Proof for Menger's Theorem Menger's Theorem is defined in Introduction to Graph Theory as follows: 
Menger's Theorem.  Let $u$ and $v$ be nonadjacent vertices in a graph $G$. The minimum number of vertices in a $u-v$ separating set equals the maximum number of internally disjoint $u-v$ paths in $G$.
Following the statement of the theorem, the authors give a really long inductive and by-cases proof. I find this puzzling because it seems to me that the following simple proof by contradiction would suffice:
Proof. Let $k$ be the cardinality of a minimum $u-v$ separating set, and let $l$ be the number of internally disjoint $u-v$ paths. Assume, to the contrary, that $l \neq k$. Then either $l < k$ or $l > k$. If $l < k$, then removing $l$ vertices from $G$, one vertex from each of the $l$ $u-v$ paths, disconnects $u$ and $v$ which is a contradiction. Similarly, if $l > k$, removing $k$ vertices will not disconnect $u$ and $v$; rather we would need to remove $l$ vertices to disconnect $u$ and $v$ which is, again, a contradiction.

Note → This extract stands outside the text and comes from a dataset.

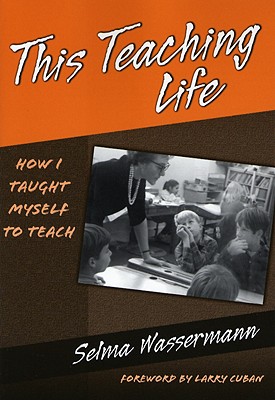 【预售】This Teaching Life: How I Taught Myself to Teach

Is there something I am missing? 
 A: The problem comes from the idea of removing one vertex from each path - it is unclear that it actually disconnects u and v. The choice of vertices is very important. Just because the paths themselves are disjoint does not mean that there aren't edges between the vertices of one path and the vertices of another path - vertex selection matters.
If this isn't clear, I recommend drawing a set of paths that $do$ connect to each other and take vertices out at random. As soon as you see a case where one vertex taken from each does not disconnect u and v, you'll see the problem.
(I don't know any method of drawing a graph here, but I recommend a sort of H graph for a simple idea - where the top feet of the H connect to v, and bottom feet connect to u - there are clearly 2 disjoint paths, but if we remove a vertex near the top of the left bar and the bottom of the right bar, u and v are still connected, but not across either of the initial disjoint paths).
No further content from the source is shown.